There’s an unforgettable scene in Antonioni’s “L’Eclisse.” Monica Vitti, playing Vittoria, is standing at night by a long row of flagpoles that rattle sinisterly in the high wind. Vaguely spooked, and on edge, she turns as if to verify the source of her unease and bewilderment only to see these wobbling, sibilant poles. I always think of this scene whenever I am within architectural settings determined by the International Style. The film used the fascist and mid-century architecture of Rome as its emotional language, perfectly and subtly conveying the continuity between spatial brutality and human malaise. But one wonders if it is loved as much by architects as by those of us who entertain a distrust of mid-century architecture.

If you recall this peerless film, it’s a depiction of the doomed love affair between a self-absorbed stockbroker played by Alain Delon and a pathless Vitti character who has wandered out of one love affair into another without knowing what she is doing or why. The couple meet regularly at a crossroads shadowed by terrifying buildings; a horse and buggy pass by inexplicably at the same moment. And then, with the gathering inertia of most love affairs, the couple cannot be bothered to meet there anymore. Still, the architecture remains. It is space that has created human personality, not the other way around.

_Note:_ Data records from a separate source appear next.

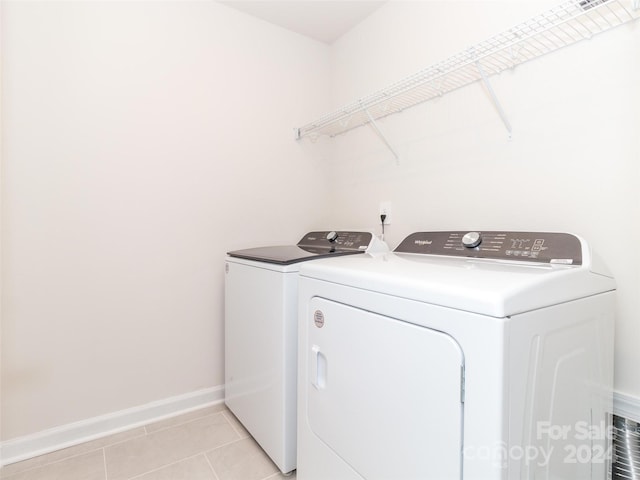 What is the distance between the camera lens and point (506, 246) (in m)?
1.28

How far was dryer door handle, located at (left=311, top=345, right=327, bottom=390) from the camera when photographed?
4.00 ft

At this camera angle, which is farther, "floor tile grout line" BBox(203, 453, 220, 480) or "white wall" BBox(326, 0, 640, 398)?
"floor tile grout line" BBox(203, 453, 220, 480)

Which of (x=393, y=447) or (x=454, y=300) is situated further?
(x=393, y=447)

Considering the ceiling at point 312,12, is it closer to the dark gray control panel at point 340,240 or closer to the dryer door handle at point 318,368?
the dark gray control panel at point 340,240

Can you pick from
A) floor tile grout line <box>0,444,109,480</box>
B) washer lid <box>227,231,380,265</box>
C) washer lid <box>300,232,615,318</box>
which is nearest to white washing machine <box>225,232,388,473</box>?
washer lid <box>227,231,380,265</box>

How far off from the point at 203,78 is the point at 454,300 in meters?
1.94

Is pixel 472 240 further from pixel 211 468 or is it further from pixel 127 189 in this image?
pixel 127 189

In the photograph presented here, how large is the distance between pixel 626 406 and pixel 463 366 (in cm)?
87

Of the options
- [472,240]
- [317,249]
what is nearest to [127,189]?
[317,249]

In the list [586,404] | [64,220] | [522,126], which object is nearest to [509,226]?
[522,126]

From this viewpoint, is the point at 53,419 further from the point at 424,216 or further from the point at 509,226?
the point at 509,226

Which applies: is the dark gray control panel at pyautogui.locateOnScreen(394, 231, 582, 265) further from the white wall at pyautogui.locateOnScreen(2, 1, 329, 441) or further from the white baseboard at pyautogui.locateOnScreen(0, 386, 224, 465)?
the white baseboard at pyautogui.locateOnScreen(0, 386, 224, 465)

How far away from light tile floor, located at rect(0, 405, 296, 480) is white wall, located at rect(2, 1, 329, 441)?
0.54 ft

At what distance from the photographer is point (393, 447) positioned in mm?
945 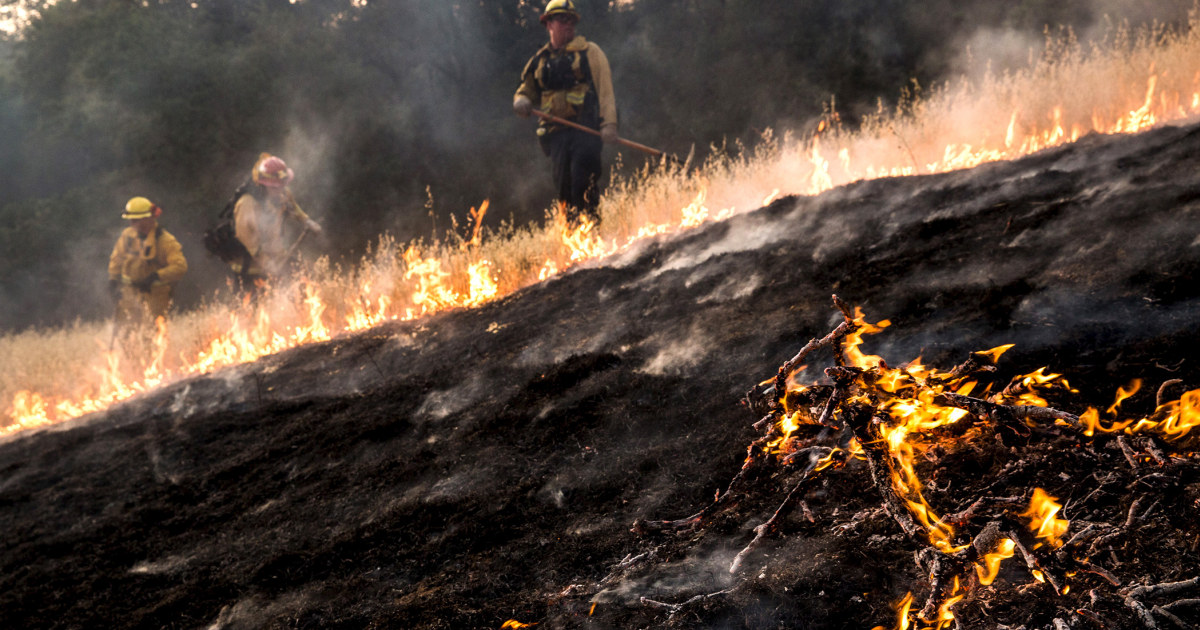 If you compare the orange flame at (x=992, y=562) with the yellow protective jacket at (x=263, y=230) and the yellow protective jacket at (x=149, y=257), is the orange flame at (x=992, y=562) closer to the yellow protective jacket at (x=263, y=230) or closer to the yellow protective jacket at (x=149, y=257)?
the yellow protective jacket at (x=263, y=230)

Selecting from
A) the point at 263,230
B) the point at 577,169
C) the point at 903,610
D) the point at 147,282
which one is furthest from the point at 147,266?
the point at 903,610

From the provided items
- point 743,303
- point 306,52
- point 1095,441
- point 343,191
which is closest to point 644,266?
point 743,303

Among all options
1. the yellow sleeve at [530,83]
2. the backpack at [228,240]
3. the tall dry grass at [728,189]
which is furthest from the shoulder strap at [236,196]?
the yellow sleeve at [530,83]

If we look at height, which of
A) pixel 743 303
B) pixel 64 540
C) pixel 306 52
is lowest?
pixel 64 540

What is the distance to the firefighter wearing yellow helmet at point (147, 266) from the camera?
920 cm

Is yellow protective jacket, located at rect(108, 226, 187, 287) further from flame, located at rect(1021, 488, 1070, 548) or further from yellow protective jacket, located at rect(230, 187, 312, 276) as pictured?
flame, located at rect(1021, 488, 1070, 548)

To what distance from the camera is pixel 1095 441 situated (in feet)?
7.13

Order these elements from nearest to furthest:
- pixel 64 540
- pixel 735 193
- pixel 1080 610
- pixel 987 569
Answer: pixel 1080 610 < pixel 987 569 < pixel 64 540 < pixel 735 193

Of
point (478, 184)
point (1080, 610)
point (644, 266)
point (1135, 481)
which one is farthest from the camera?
point (478, 184)

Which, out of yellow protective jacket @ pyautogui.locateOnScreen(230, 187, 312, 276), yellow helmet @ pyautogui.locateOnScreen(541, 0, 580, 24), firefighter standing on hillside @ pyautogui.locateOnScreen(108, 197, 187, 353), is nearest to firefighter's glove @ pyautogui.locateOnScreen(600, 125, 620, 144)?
yellow helmet @ pyautogui.locateOnScreen(541, 0, 580, 24)

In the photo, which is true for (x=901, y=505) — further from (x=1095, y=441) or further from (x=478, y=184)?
(x=478, y=184)

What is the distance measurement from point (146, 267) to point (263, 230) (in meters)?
1.77

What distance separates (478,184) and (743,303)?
11.0 m

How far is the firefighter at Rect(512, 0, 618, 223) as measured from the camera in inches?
307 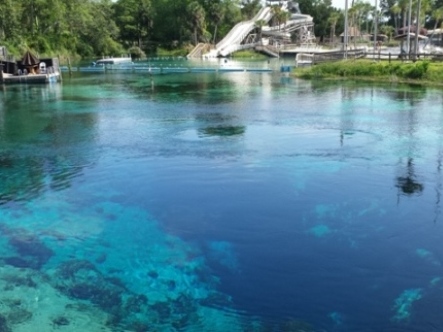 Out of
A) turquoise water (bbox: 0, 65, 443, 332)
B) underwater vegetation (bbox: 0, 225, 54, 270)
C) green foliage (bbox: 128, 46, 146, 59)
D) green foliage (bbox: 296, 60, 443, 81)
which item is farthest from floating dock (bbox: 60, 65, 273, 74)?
underwater vegetation (bbox: 0, 225, 54, 270)

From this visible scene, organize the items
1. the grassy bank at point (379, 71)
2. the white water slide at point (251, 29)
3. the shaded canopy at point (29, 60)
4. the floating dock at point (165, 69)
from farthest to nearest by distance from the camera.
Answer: the white water slide at point (251, 29) < the floating dock at point (165, 69) < the shaded canopy at point (29, 60) < the grassy bank at point (379, 71)

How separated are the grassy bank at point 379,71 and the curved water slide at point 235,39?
4356 centimetres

Standard Deviants: Voyeurism and Design Above New York's High LineWhat does all of this have to do with New York’s Standard hotel? Well, that depends on your mood. When Andre Balazs‘s boutique hotel opened to acclaim in January of this year, there was a great deal of press loquacity on the topic of its design and architectural meanings. It was readily compared to in-town Internationalist icons like Lever House and the U.N., to the works of Eero Saarinan and Mies van der Rohe. Fair enough: Todd Schliemann of Polshek Partnership Architects, the architect who boldly raised this cement-and-glass, book-shaped tower above Manhattan’s new High Line park, was making exactly that statement. It’s a beautiful statement, too, precisely because we have been spared more meat-and-potatoes developer schlock engineered to maximize space (that is, other people’s money) and instead given something — rare in contemporary New York — to think about and enjoy speculatively. It is a question of which is to be enjoyed: inside or out?

There is a difference. From the outside, an impression of grim muscularity and determined assertion. From the inside, a feeling of lightness and spacious Barbarella whimsy. The mood is a little strange — nostalgic and slightly uneasy, bold and solitary at once. We are being thrown artfully back to the Sixties in the grand manner. But which Sixties?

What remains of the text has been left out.